Le contrat de travail d'un salarié mentionne une durée de travail de 35 heures par semaine Durant une semaine, l'activité de l'entreprise est partiellement interrompue ; le salarié n'a pu travailler que durant 15 heures, sur les 35 heures prévues au contrat de travail.

L'employeur pourrait prétendre à une indemnisation sur l'ensemble des 20 heures effectivement non travaillées, car elles sont inférieures au plafond de 35 heures. Les 15 heures effectivement travaillées ne pourraient donner lieu à une indemnisation de l'employeur par l'Etat et l'Unédic.

Règle de calcul de l'indemnité versée par l'employeur au salarié et de l’allocation versée à l’employeur par l’Etat et l’Unedic

Pour calculer le montant de l'allocation et de l'indemnité d'activité partielle, le taux horaire de rémunération brute de chacun des salariés concernés est utilisé comme base de calcul (donnée mentionnée sur le bulletin de salaire du salarié).

Pour le salarié gagnant moins de 4,5 SMIC de rémunération brute par heure

Un coefficient de 70 % est appliqué à ce taux horaire. Cependant, si le salarié gagne moins de 11,43 euros de rémunération brute par heure, le taux appliqué est automatiquement augmenté à 8,03 euros, il ne peut pas être inférieur pour respecter le SMIC horaire net.

Le taux coefficienté (70% de la rémunération brute par heure ou taux plancher de 8,03 euros) est multiplié par le nombre d’heures chômées (voir ci-dessus : Périmètre de l'indemnisation). Le montant de l'indemnité versée par l'employeur au salarié et le montant de l'allocation versée à l'employeur par l'Etat et l'Unédic correspondent à ce résultat.

NOTA : Les salariés pour lesquels le taux horaire habituel de rémunération est en-deçà du SMIC, l'allocation versée par l'Etat et l'Unédic sera proportionnelle à l'indemnité versée aux salariés afin d'éviter l'enrichissement sans cause des employeurs.

Pour le salarié gagnant plus de 4,5 SMIC de rémunération brute par heure

Le montant de l'indemnité versée par l'employeur au salarié est supérieur au montant de l'allocation versée par l'Etat et l'Unédic à l'employeur.

Calcul de l'indemnité versée par l'employeur au salarié

Un coefficient de 70 % est appliqué au taux horaire de rémunération brute par heure. Le taux coefficienté est multiplié par le nombre d’heures chômées. Le montant de l'indemnité versé par l'employeur à son salarié correspond à ce résultat.

Calcul de l'allocation versée par l'Etat et l'Unédic à l'employeur

Le nombre d'heures chômées  est multiplié par un montant fixe de 32 euros (ce qui correspond au plafond du dispositif, fixé à 4,5 SMIC).
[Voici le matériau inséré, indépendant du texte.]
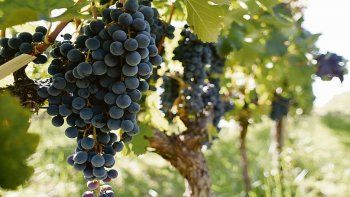 afectadas por fuerte caida del consumo, bodegas premium apostaron a la exportacion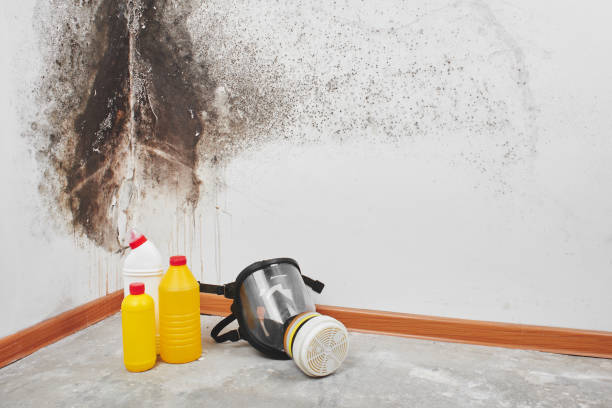 Best Crawl Space Mold Remediation in Berryville, VA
Le montant de l'allocation versé par l'Etat et l'Unédic correspond à ce résultat.

La différence entre le montant de l'indemnité versé au salarié et le montant de l'allocation versé à l'employeur constitue donc le reste à charge pour ce dernier.

Contingent d’heures indemnisables

L’allocation d’activité partielle est attribuée dans la limite d’un contingent annuel d’heures indemnisables actuellement fixé à 1607 heures par année civile et par salarié. En cas de travaux de modernisation des installations et des bâtiments de l’entreprise, ce contingent est limité à 100 heures.